Следы богов (Хэнкок) - страница 368

Корр.:

— Я знаю, что вы привлекаете работу Алекса Гурштейна о древнем происхождении Зодиака в поддержку вашей теории. Не могли бы вы развить свою мысль, отталкиваясь от этого?

Хэнкок:

— Гурштейн — один из многих ученых, уделявших большое внимание так называемому каменному веку. Он определенно утверждал — но за аргументами вам лучше обратиться к нему, а не ко мне, — что некоторые зодиакальные знаки существовали гораздо раньше, чем это признано официальной наукой. И это вовсе не революционная идея, переворачивающая наши представления о прошлом. Все, что от нас требуется, — это признать, что наши отдаленные предки могли быть сообразительнее, чем мы думаем. Не более того.

Полагаю, стоит добавить еще несколько слов. Эта идея сама по себе не является революционной, поскольку она согласуется с постепенно растущим признанием того факта, что уже в каменном веке люди интересовались астрономией. Символы, вырезанные на костях, возраст которых оценивается в 30 000 лет, по-видимому, изображают фазы Луны. Поэтому идея о накоплении подробных астрономических знаний за очень долгий период времени, по-моему, не должна возмущать египтологов. Они вполне могли бы принять ее во внимание и даже рассмотреть ее.

Корр.:

— Вы только что намекнули на содержание моего последнего вопроса по этой теме. В ваших работах вы часто упоминаете о том, что египтологи не признают или не принимают во внимание новые материалы. Почему они это делают?

Хэнкок:

— Во-первых, я хочу сказать, что моя собственная работа по Древнему Египту была бы невозможна, если бы я не располагал очень подробными, профессиональными и превосходными научными трудами, написанными видными представителями египтологии. Девяносто процентов информации, которой я пользуюсь, если не больше, почерпнуто из исследований египтологов. Я лишь даю иную интерпретацию. Поэтому я совершенно открыт для новых идей и информации в области египтологии.

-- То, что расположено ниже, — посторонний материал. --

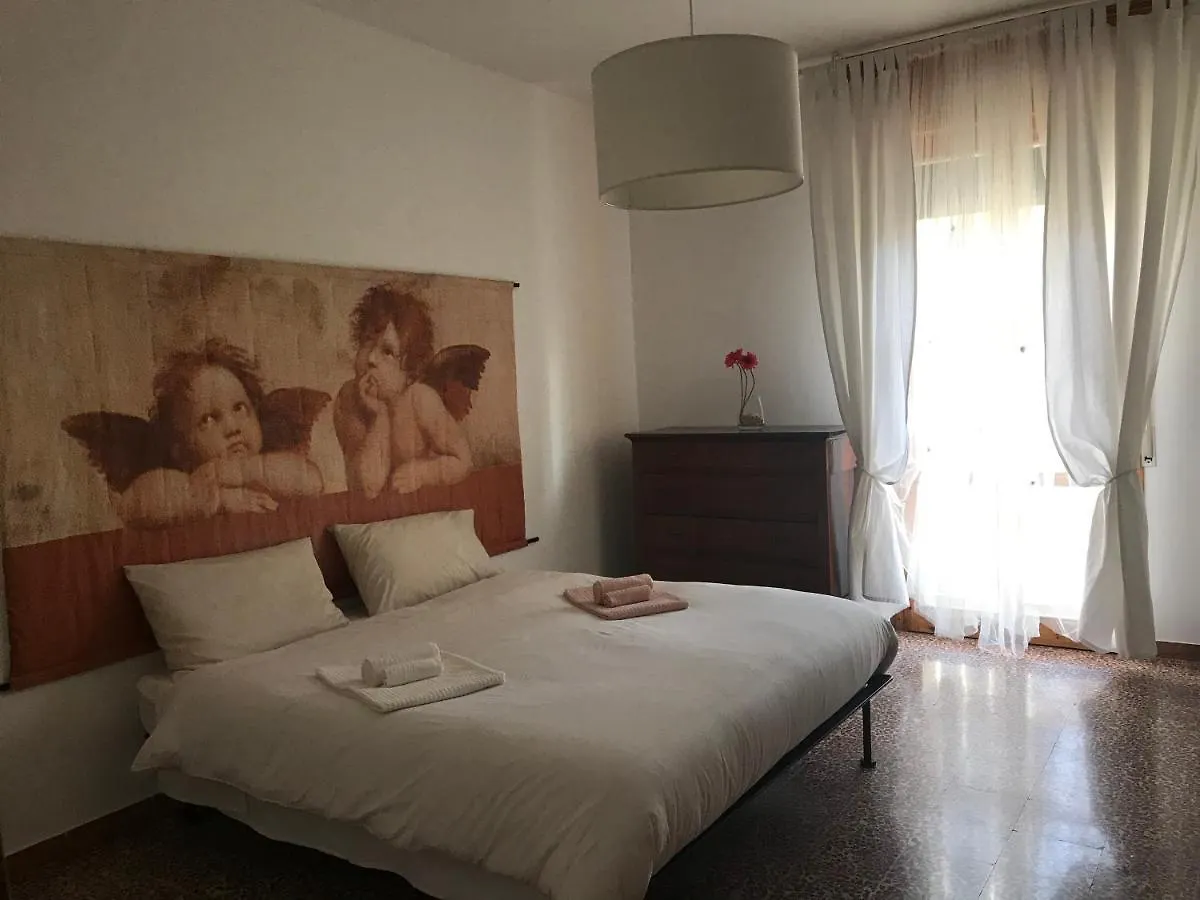 公寓 博洛尼亚A Casa Di Giancarla公寓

Проблема в том, что египтологи в целом, особенно в последние 30–40 лет, сформировали нечто, больше напоминающее церковное вероучение со своими догматами, чем научную дисциплину. Как будто если теория была разработана и обоснована известным и уважаемым египтологом, то ее уже нельзя ставить под сомнение или каким-то образом изменять в будущем. А если любые факты противоречат общепринятой теории или хотя бы вызывают вопросы, на них нужно нападать и опровергать их всеми возможными способами, вместо того чтобы взять на себя труд рассмотреть эти факты и, возможно, учесть их в своей теории. Поэтому в египтологии, к сожалению, происходит отход от основных принципов научного исследования. Я вижу годы кропотливого труда, результаты которого замечательны и вызывают уважение. Но я вижу и особый склад ума, готовый отвергнуть факт, вместо того чтобы модифицировать теорию. Не думаю, что это полезно для понимания Древнего Египта. Но на личном, на человеческом уровне я понимаю, почему люди, положившие всю профессиональную карьеру на построение модели развития Древнего Египта, возмущаются и негодуют, когда кто-то вроде меня, не имеющий специального образования, выходит на сцену и говорит: «Знаете, ребята, по-моему, вы заблуждаетесь. Ваши аргументы основаны на неправильном восприятии прошлого». Я могу понять, что они очень сердятся на меня за это, но очень жаль, что гнев затуманивает их суждения по ряду серьезных и обоснованных проблем — например, по проблеме астрономии в Древнем Египте и способов ее практического применения.